Description of the task - Each line below from the "Amazon Co Jp" line through the "Texas Auto Center of Austin website" line, those two included, must be restated word for word; the pictures must not be.

Data for processing -

··········

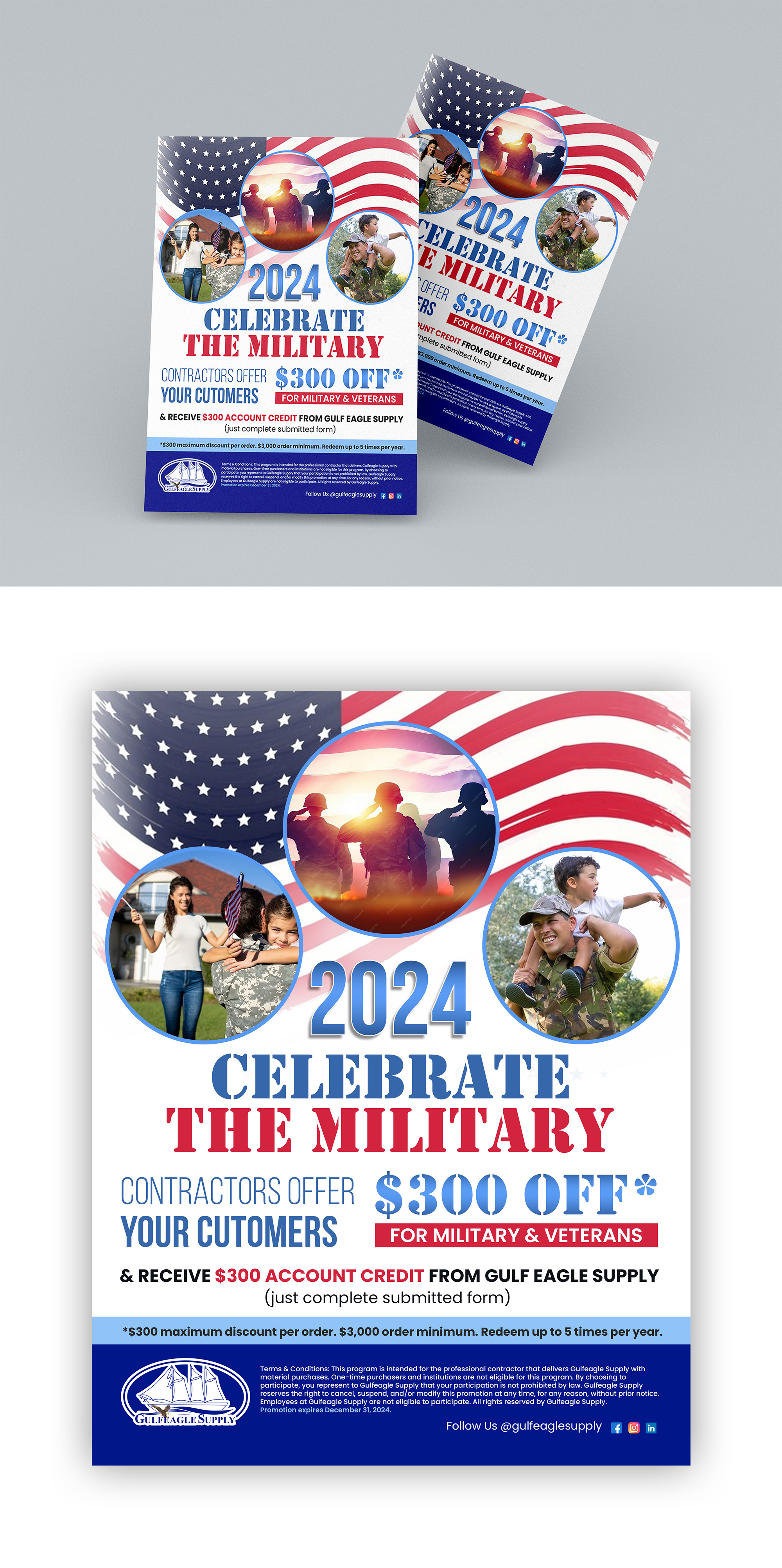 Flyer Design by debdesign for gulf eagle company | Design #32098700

··········

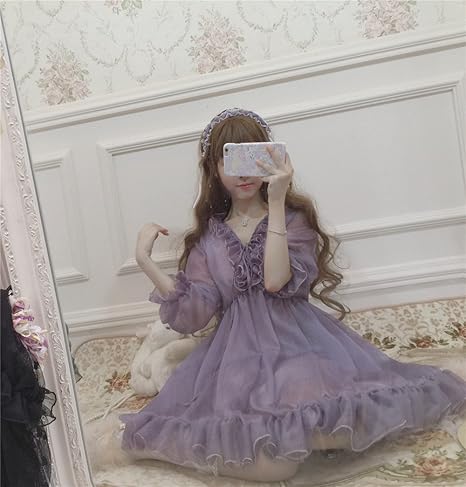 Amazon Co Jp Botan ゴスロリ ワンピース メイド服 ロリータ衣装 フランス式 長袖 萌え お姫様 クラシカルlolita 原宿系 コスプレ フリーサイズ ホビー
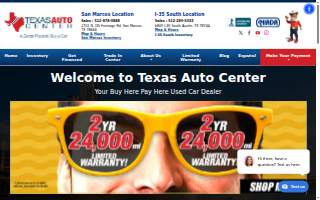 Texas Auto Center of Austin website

··········

Exercise solution -
 Amazon Co Jp Botan ゴスロリ ワンピース メイド服 ロリータ衣装 フランス式 長袖 萌え お姫様 クラシカルlolita 原宿系 コスプレ フリーサイズ ホビー
 Texas Auto Center of Austin website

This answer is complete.